How concerned should fans be at this point?

Anyone with plane tickets and hotels in Arizona or Florida for the first day of pitchers and catchers hopefully has travel insurance. But if you have tickets to Opening Day in late March, don't ask for a refund just yet. Time is the greatest friend of these negotiations, even if the sides have wasted the past six weeks of it.

Dec. 20, 2021

Did the two sides meet recently?

Yes. But only on some of the smaller or "noncore economic" issues, which wouldn't necessarily even involve the lead negotiators from both sides, although at least there was communication. These noncore issues -- which might include scheduling, the All-Star Game, drug and domestic violence policies, grievance procedures and special events -- are worth discussing, but the only conversations that will get us closer to ending the shutdown will be on the major economic issues that forced the lockout in the first place.

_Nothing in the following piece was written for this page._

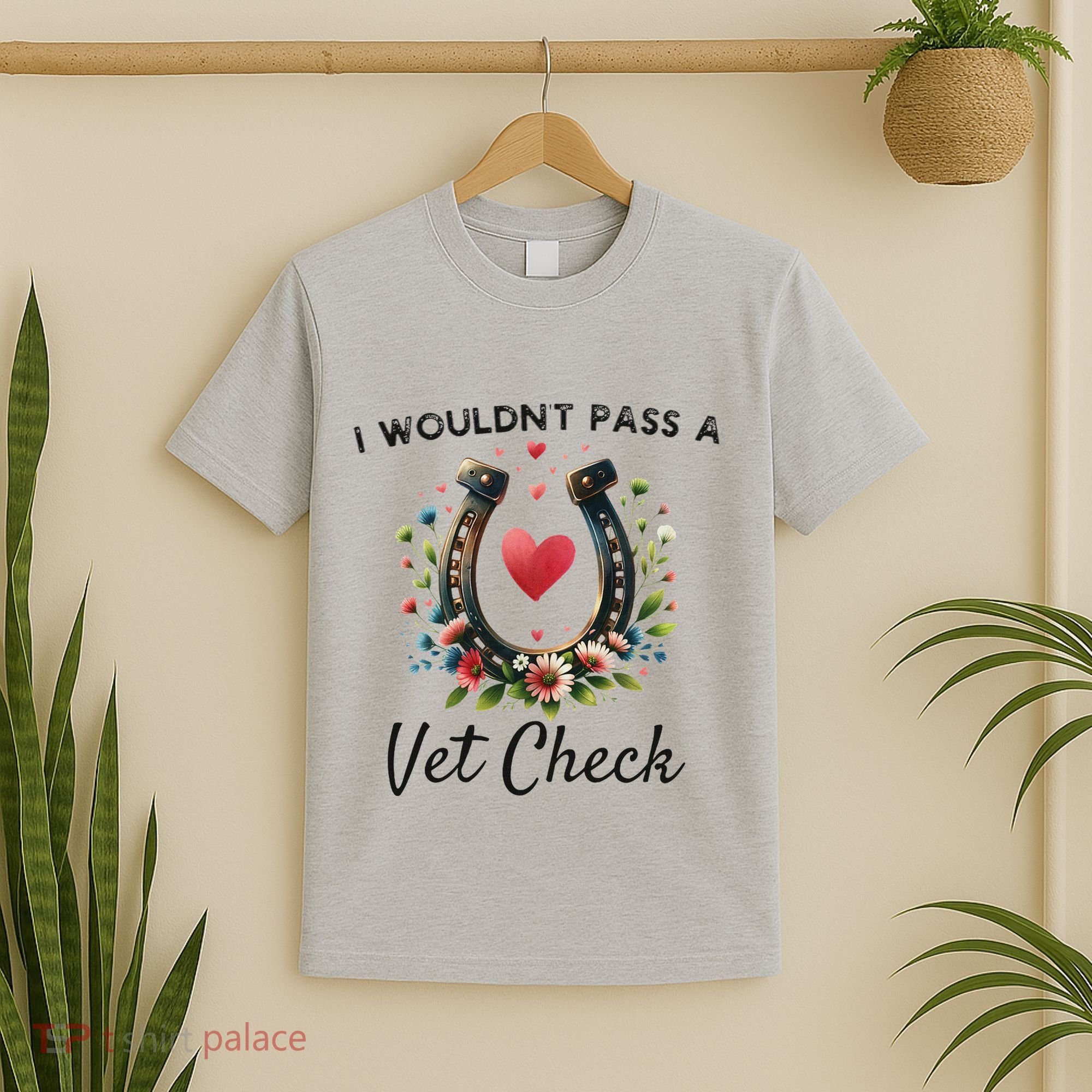 WouldnT Pass A Vet Check Equestrian Humor T-Shirt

Are they planning to meet again?

Nothing is scheduled for Christmas week, but that can always change if one side or the other has something to add or change or say about a proposal -- but even then, it would most likely remain on those noncore topics.

How much progress has been made?

Very little so far. January will be a big month in determining when the lockout ends. The core economic issues will be back on the table in the new year, and serious negotiations should take place. It's anyone's guess right now if that will happen on Jan. 2 or Jan. 22, but the sides can't avoid the train coming down the tracks (especially since spring training typically begins in February). To break the deadlock, one or both sides is going to have to give a little on a major issue.

What kind of major issue?

Nothing big -- just the economic systems that have been in place for decades. Sarcasm aside, there are several key hot topics which need resolving, including years to free agency (or the switch to an age-based system), the arbitration system and revenue sharing among clubs. Paraphrasing here -- the players say they're working under antiquated rules, while the league says these are core issues to the way the game has played, which have long since been agreed upon. That's the deadlock.

Why can't they compromise?

The union was not at all happy with how the 2016 collective bargaining agreement negotiations turned out -- or, they say, how the game has changed since. So this year, the players need a win. The league believes they've offered them a few in the form of an NBA-style draft lottery and/or the elimination of draft pick compensation for free agents. Obviously, the union doesn't think that's enough.

How concerned should fans be at this point?

Not very, yet -- but we'll know much more in a month.